No one said this was going to be easy. Delays involving the James Webb Space Telescope are frustrating, with NASA now talking about a launch in mid-2020 instead of next year, and the uncertain prospect of a great deal of further testing and new expenditures that could run the project over budget, necessitating further congressional approval. It’s hard to look back at the original Webb projections without wincing. When first proposed, estimates on the space observatory ran up to $3.5 billion, a hefty price tag indeed, though the science payoff looked to be immense. It was in 2011 that a figure of $8 billion emerged; the project now has a Congressionally-mandated cost cap of $8.8 billion.

And now, looking forward, we have Thomas Zurbuchen, speaking for NASA’s Science Mission Directorate, explicitly saying “We don’t really fully know what the exact cost will be…”

Image: Illustration of NASA’s James Webb Space Telescope. Credit: NASA.

Projects this big invariably take us into the realm of acronyms, with the project’s Standing Review Board (SRB) concluding that further time is necessary to integrate the various components of JWST. But we also learn that NASA is setting up an Independent Review Board (IRB) to complement the SRB findings. The space agency will look at the findings from both boards and consider their recommendations by way of taking us to a more specific launch schedule, with an assessment due in a report to Congress this summer. This NASA news release also talks about “Additional steps to address project challenges include increasing NASA engineering oversight, personnel changes, and new management reporting structures.”

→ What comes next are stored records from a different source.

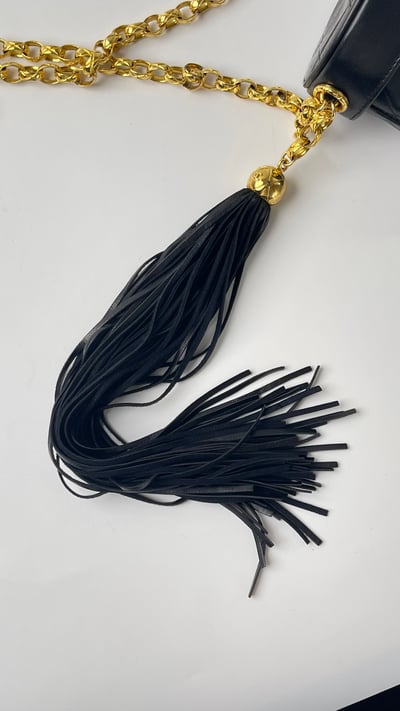 Chanel 雕花鍊長流蘇盒子包11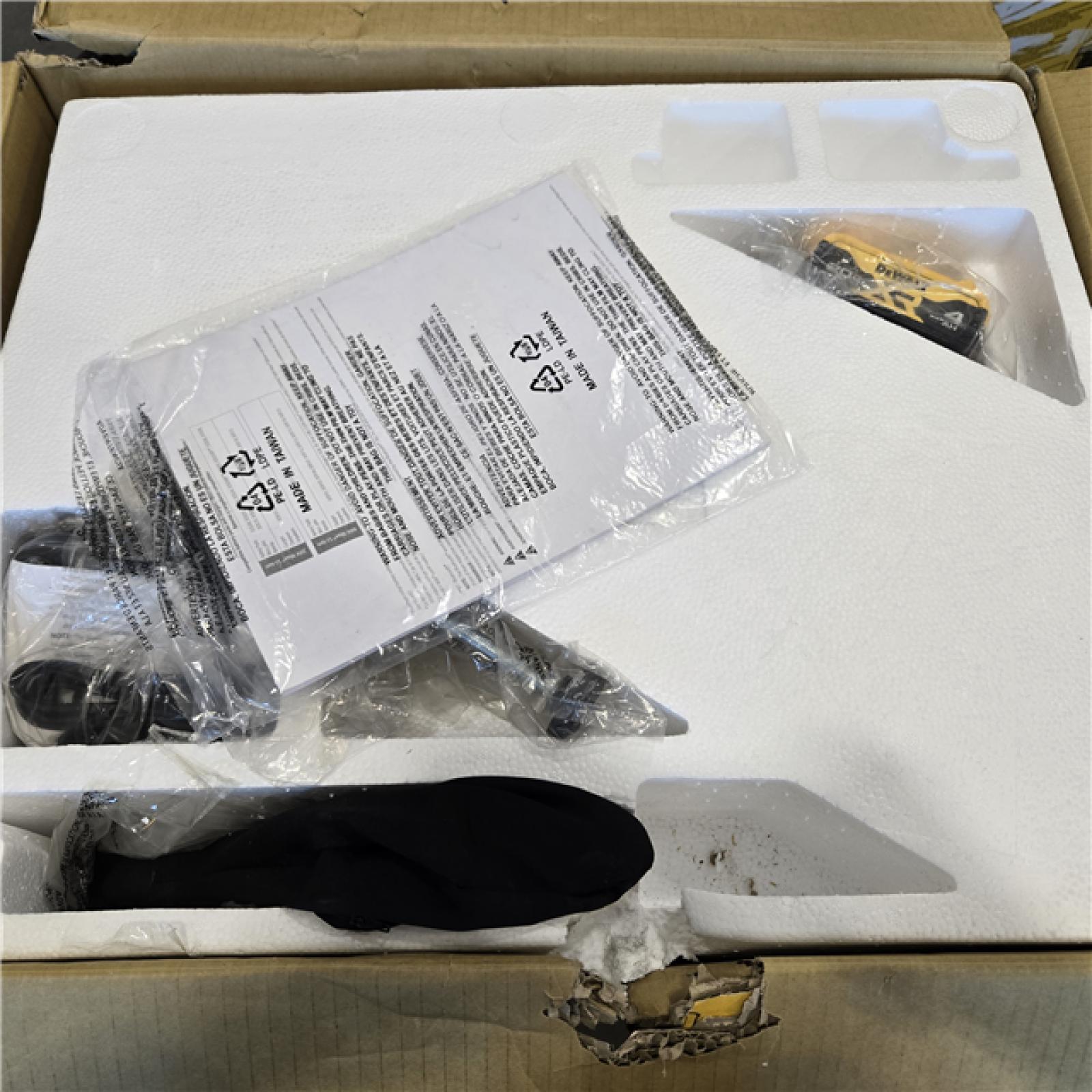 AS-IS DeWalt 20V MAX Cordless 7-1/4 in. Sliding Miter Saw Kit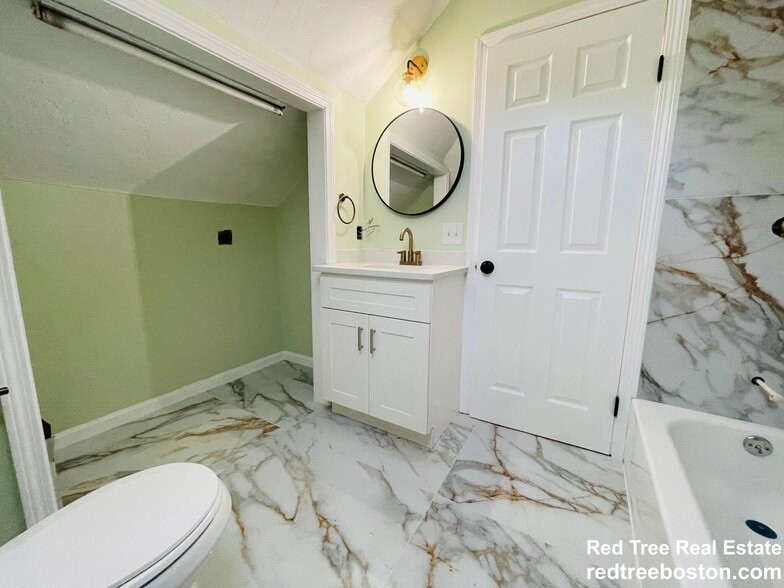 Building Photo - 187 Fellsway W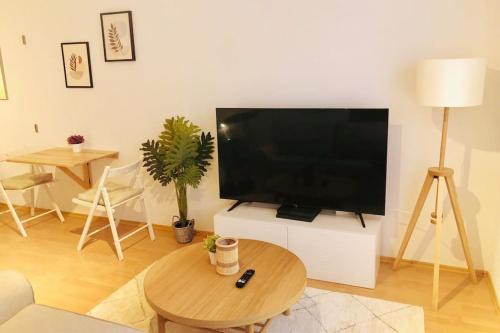 Waldstetten Apartment | Stylish Apartment in Waldstetten with On-Site Restaurant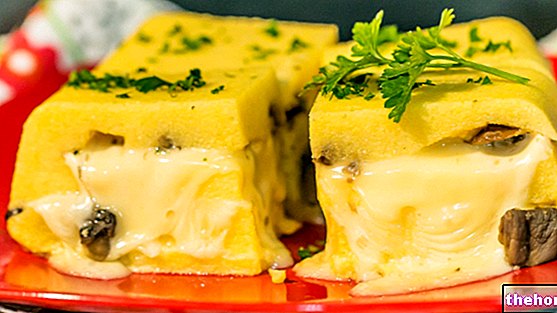 Polenta με μανιτάρια και τυρί - Γρήγορο και εύκολο ορεκτικό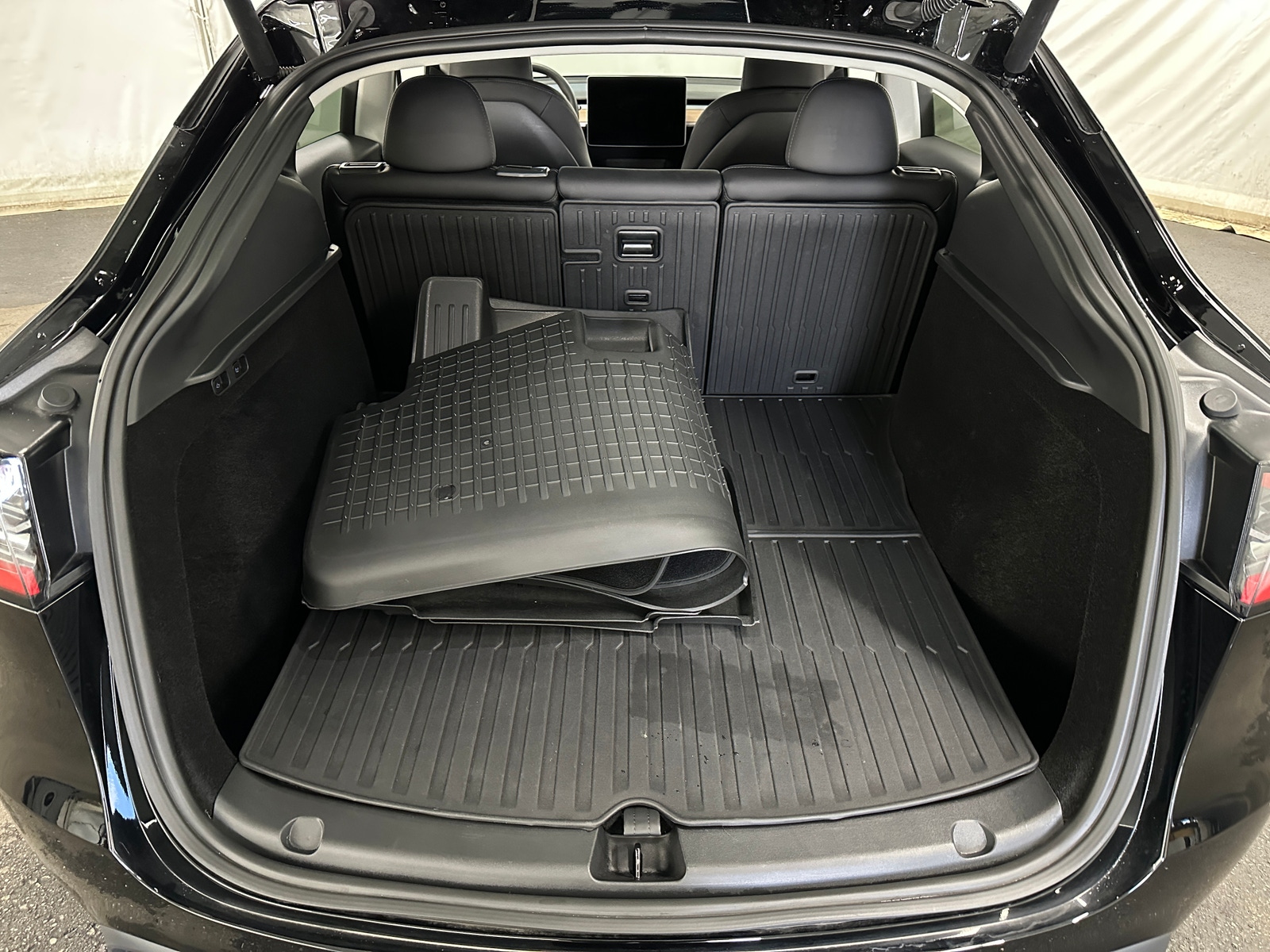 Thumbnail: 2025 Tesla Model Y - 7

There’s no question about the challenges JWST presents. Its spacecraft element is made up of the huge sunshield (the size of a tennis court), along with the spacecraft bus including the flight avionics, power system and solar panels. The collapsible sun shield must be folded and re-folded during the test process. Eventually it must be mated with the 6.5 meter telescope and science payload. The latter were successfully tested in 2017 at Johnson Space Center, with the telescope element being delivered to Northrop Grumman earlier this year.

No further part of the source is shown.